DBT Center of Orange County is what is referred to as an “adherent” DBT program. What this means is that we provide all of the aspects of treatment that Marsha Linehan, who created DBT in the 1990s, specified are required to be providing DBT according to its principles and protocols. These four aspects are; group skills training, individual therapy, phone coaching and DBT consultation team. In this blog, we will briefly explore the DBT consultation team.
Marsha Linehan realized that clinicians treating high risk, and often multi diagnosed clients, need support. More specifically, they need support in order to stay motivated when things get challenging and to continue to provide the treatment (DBT) in alignment with the way it is meant to be conducted.
Importantly, a DBT consultation team is considered to be a community of therapists treating a community of clients. We are all invested in each of our clients and in one another and in providing effective DBT. In their book, DBT Teams: Development and Practice, authors Marsha Linehan and Jennifer Sayers write, “This means that if a provider is struggling to provide effective care due to burnout, frustration, or life events, the team moves in and helps in some manner, because their teammate and the team’s client is struggling”.
In an adherent DBT program, consultation teams are required to meet regularly. Here at DBT Center of Orange County we meet every week. Attendance is pretty much mandatory with reasonable accommodation for the occasional necessary miss.

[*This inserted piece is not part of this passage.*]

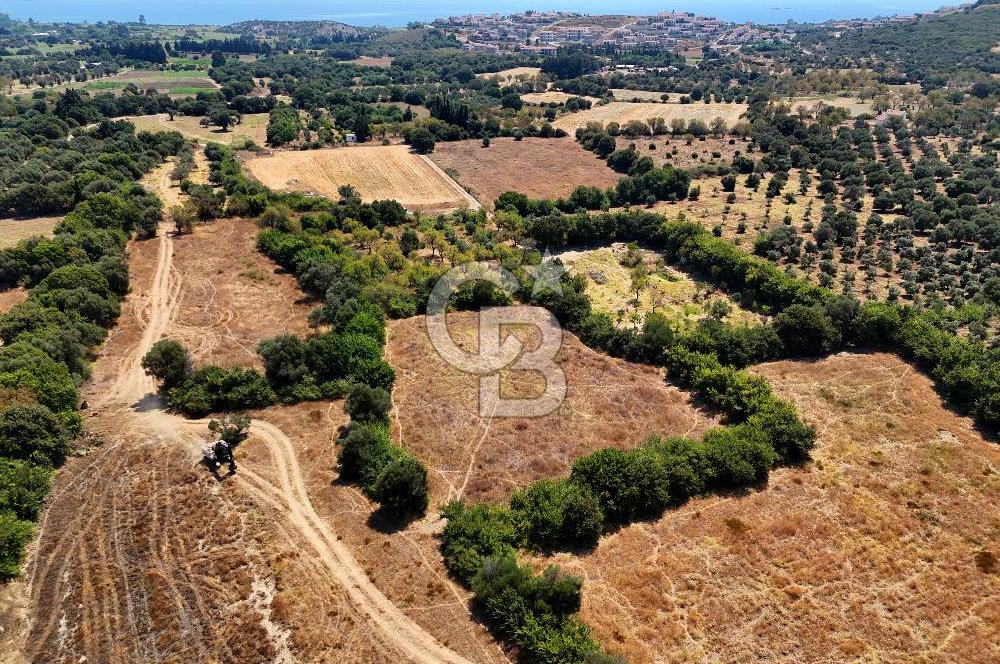 Datça Burgaz Arkası'nda 3.785 metrekare Tarla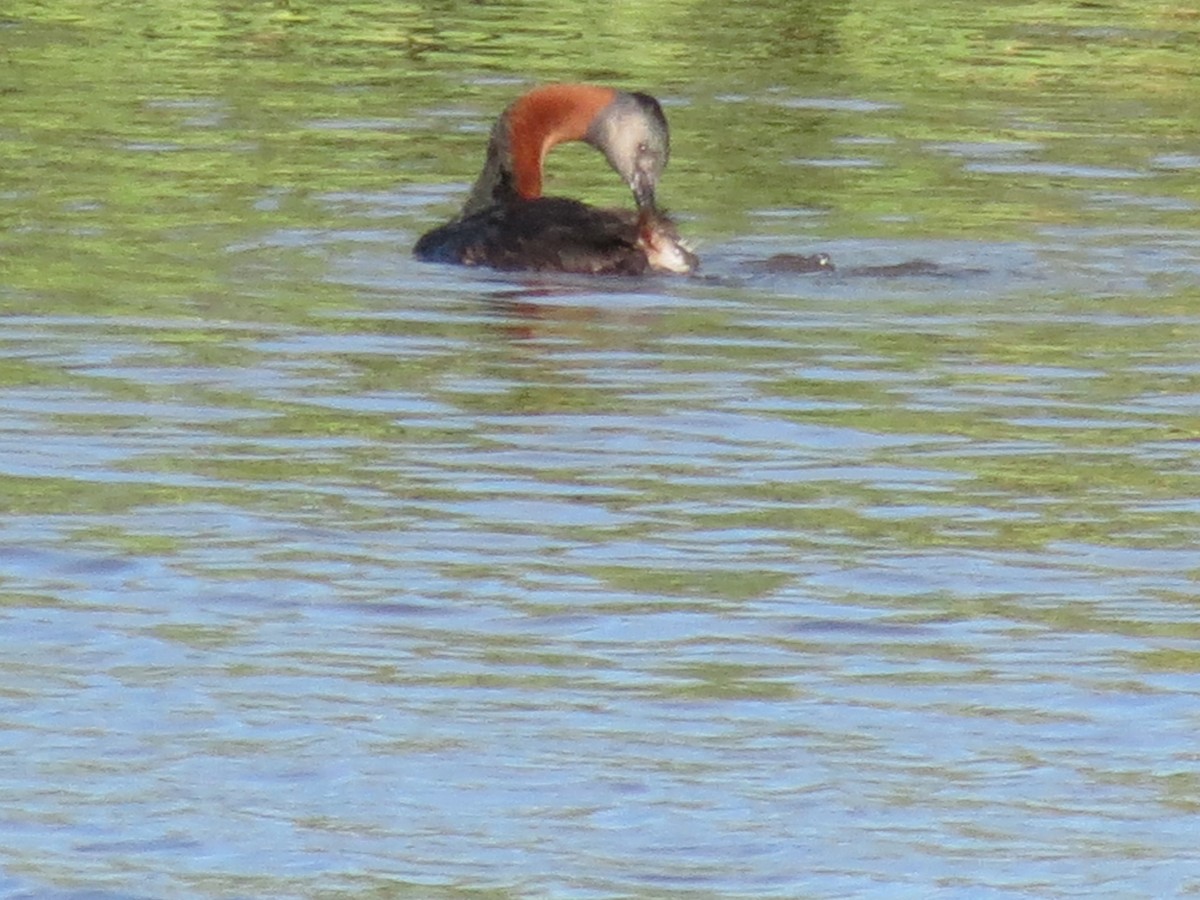 Great Grebe - ML259068381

DBT consultation teams are conducted within the core principles of DBT. First, and foremost, all DBT providers live, eat and breathe DBT themselves. All of the therapists at DBTOC are either intensively or foundationally trained in DBT. We all use DBT skills in both our professional and our personal lives. During our team meetings, we treat each other with the same respect, care and alignment with dialectics, behaviorism and the skills of DBT as we do our clients.